Manjit Mahanta, an Assamese indigenous movement leader, cited the 1985 Assam Accord, which views anyone entering the Assam region from Bangladesh as illegal.

Mahanta said Bangladeshi Hindus would not be allowed to be "dumped" in Assam to "destroy" it.

"Following the independence of India, Assam took the burden of hundreds of thousands of Hindu and Muslim refugees who landed here until March 24, 1971," Mahanta, a Hindu leader of Asom Songrami Mancha, an indigenous political group, told VOA. "But the illegal Bangladeshi immigrants who came over or are still arriving after that period until 1971 will not be allowed to settle here."

Violence against Hindus

In Bangladesh, where Muslims make up more than 90 percent of the country's 160 million people, Hindus have long alleged they have been victims of religious persecution.
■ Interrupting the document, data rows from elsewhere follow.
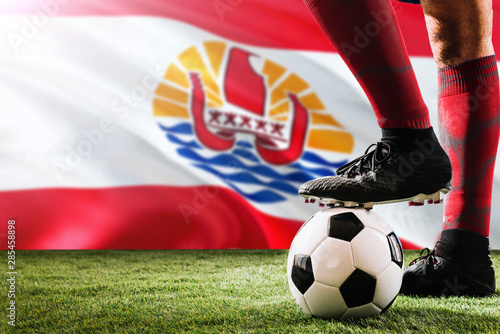 Close up legs of French Polynesia football team player in red socks, shoes on soccer ball at the free kick or penalty spot playing on grass.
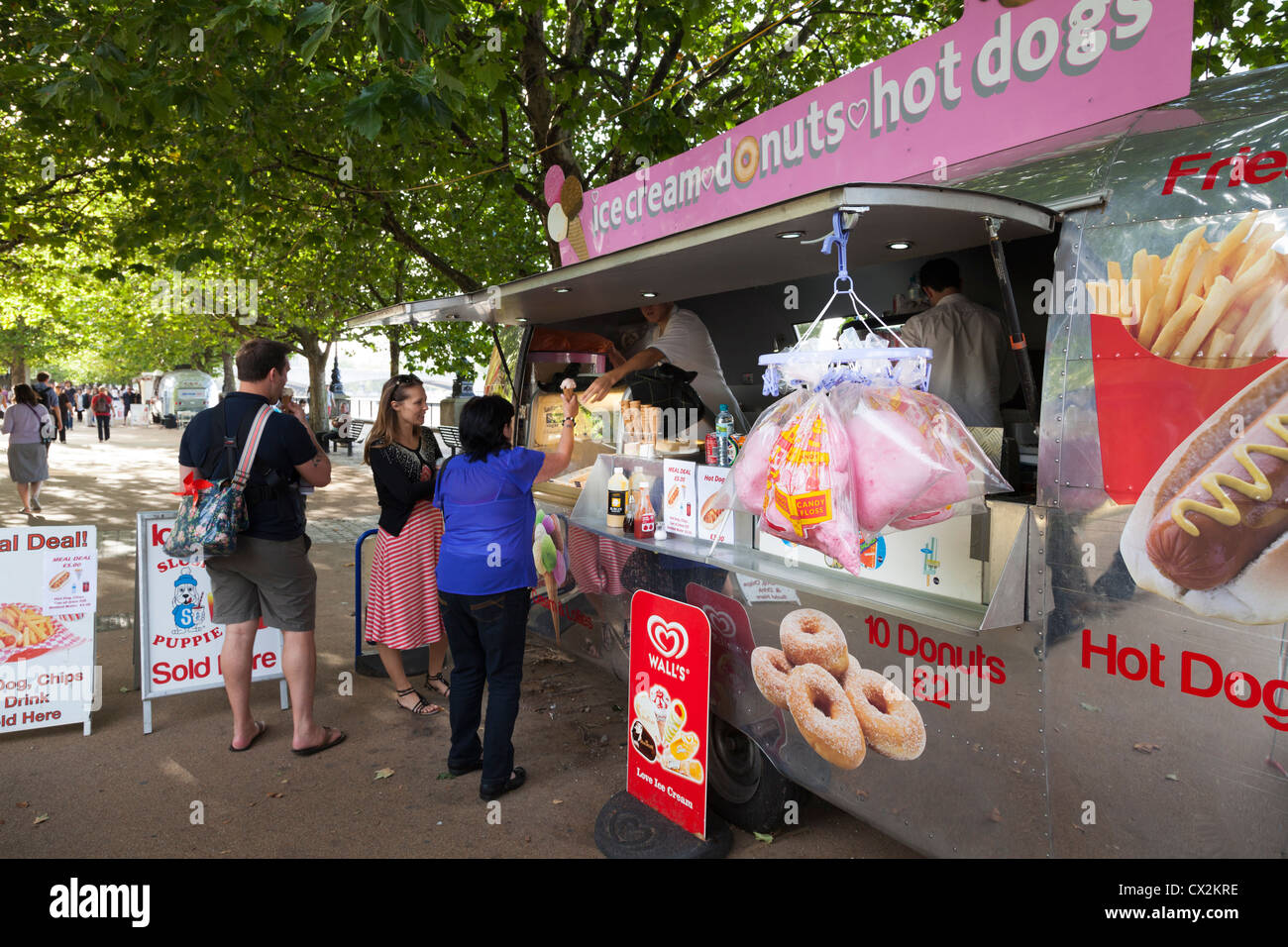 ice cream and donut van under the trees on the south bank of the thames  in london Stock Photo
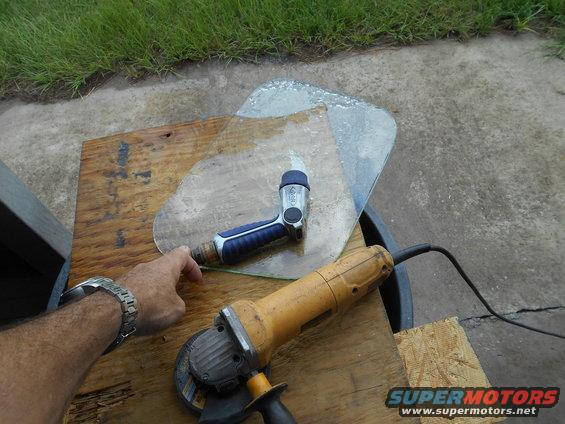 Angle grinder and glass cutter on a piece of glass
Beginning last year, anti-Hindu violence has been on the rise in the country.

An idol of Hindu goddess Kali is vandalized in Serajganj, Bangladesh, Nov. 6, 2016. According to the Hindu rights activists, this year more than 550 cases of attacks on Hindu temples and idols have taken place in Bangladesh. (S. Newaz/VOA)

Hindu community leaders in Bangladesh said 32 Hindus have been killed this year and allege more than 550 Hindu temples or prayer places have been vandalized in religiously targeted attacks.

Most recently, some Islamic groups organized anti-Hindu protests in Bangladesh's Brahmanbaria district after a local Hindu youth allegedly posted on Facebook an altered image of the Kaaba at the Grand Mosque in Mecca, a Muslim holy site.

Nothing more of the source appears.